税理士試験にトライ中のアラフォーの”元”銀行員です。

先日15年以上務めた銀行を辞め、R4年11月に会計事務所に転職しました。未経験の仕事なので覚えることだらけでやはり大変ですが、銀行と違って罵声が飛んだり、上司に詰められたりといった文化はこの事務所には無さそうなので、その点は精神衛生上良いです(笑)。

R3年度試験でスタディングで簿記論・財表に合格し、R4年度試験はTACで「消費税法」の合格を勝ち取ることができました。

そして現在は、TACのWeb通信で「相続税法」を勉強中なのですが、この勉強の最中に「スタディングの税理士講座 簿財2科目合格コース」に対して改めて思うところがあり、スタディングの「再評価」ということで記事を書かせて頂きます。

以下概要です。

結論:以下の理由から「社会人が簿記論と財表を”同時受験”するのであれば大手予備校よりもスタディングを使うのがベター」。

  • 大手予備校はカリキュラムが膨大、講義ペースも早く、精神的にきつくなり途中で挫折する可能性が比較的高い。

  • 私は今現在TACで「相続税法」を受講しており週2回の講義があるが(1講義あたり3時間弱)、実体験としては週2の講義はきつい。
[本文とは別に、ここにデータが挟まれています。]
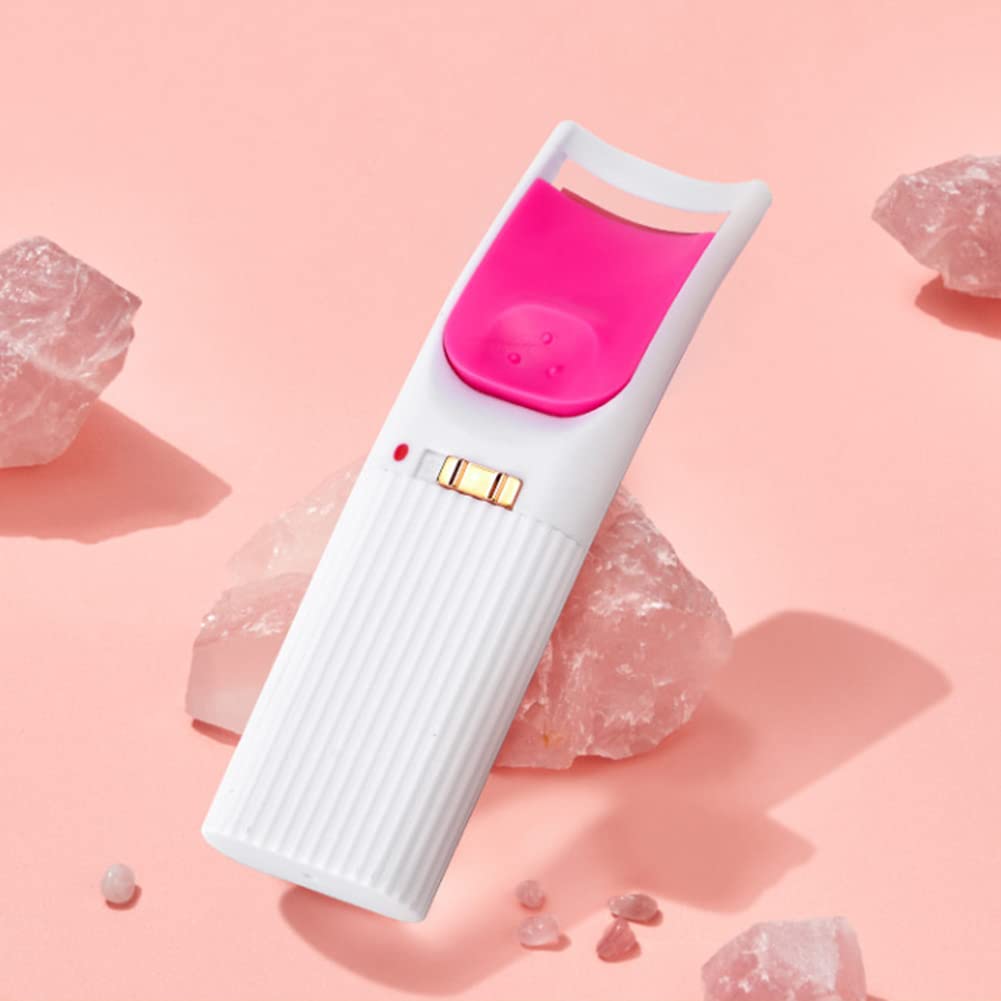 Katutude Electric Heated Eyelash Curler with Silicone Pads - Painless Constant Temperature Lash Curling Tool for Long Lasting Natural Curls | Perfect for Daily Makeup, Salon Use & Travel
演習問題を解くなど、各論点の復習に十分な時間が取れないまま進むというのが筆者の実情。

  • そしてTAC等の大手予備校は、簿記論・財表の2科目をやると週4回の講義。子供(保育園)がいて、平日2時間、休日4時間程度の自分の勉強時間のではまず無理。

  • 一方で、スタディングは講義配信がスローペース。1日2時間ほど時間が取れれば十分。演習問題もかなり少なく途中で挫折することはまずない。むしろ時間が余るのでその時間を使って演習問題を繰り返し解くことができ、基礎が定着する。
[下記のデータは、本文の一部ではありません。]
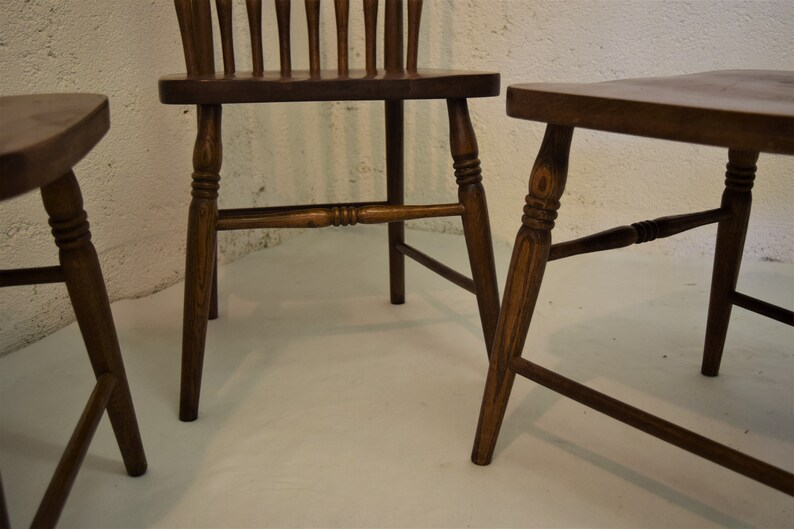 Vintage Dining Windsor style wooden chair Made in Yugoslavia | Etsy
  • 結果としてスタディングを使えば、必要最低限の学力は身に付けた上で試験に臨むことができ、受験資格が撤廃されおそらく受験者数の増加が見込まれるR5年においては合格の可能性が高まると思われる。

  • 但し、スタディングのみでは応用力が付かないため、簿記論については他予備校の市販問題集も解くことは必須であると考える。

なお、当初の感想記事は以下の通りです(簿財の受験直後の失意のどん底時に書いたものです)。


1.大手予備校の週2回講義、結構きつい

まず、私の学習教材と、その講義の配信ペースですが、以下の通りです。

簿・財:スタディング 概ね月1回複数論点がまとめて配信される
消費税法:TAC(Web通信) 週1回の講義
相続税法:TAC(Web通信) 週2回の講義

私は簿・財のあとはTACの「Web通信」で「消費税法」をで受講しましたが、色々と寄り道をしたこともあり、TACでの学習を開始したのはR3年11月頃になってからと、若干スタートが遅くなりました。

ただ、消費税法は週1回の講義配信だったため、遅れを取り戻すことはそれほど難しくなく、年末から始まった上級演習からは通常の配信ペースに乗ることができました。

一方で現在やっている「相続税法」、これは「週2回」の講義ペースです。この2回というのが正直しんどいです。

特にきつく感じるのは、約3時間の講義の視聴です。視聴速度は1.4倍程度にしているのですが、私の場合、テキストに結構書き込みをしたり、理解できなかった時に講義を止めたりしています。

現在の私の勉強スタイルは、
 ・平日は夜22~24時の2時間
 ・休日は平日と同じ夜22~24時に加え、子供が昼寝をしている13~15時の計約4時間、
と、1週当たり18時間ほどの学習時間です。(なお、上記とは別に通勤時間の約40分で理論暗記)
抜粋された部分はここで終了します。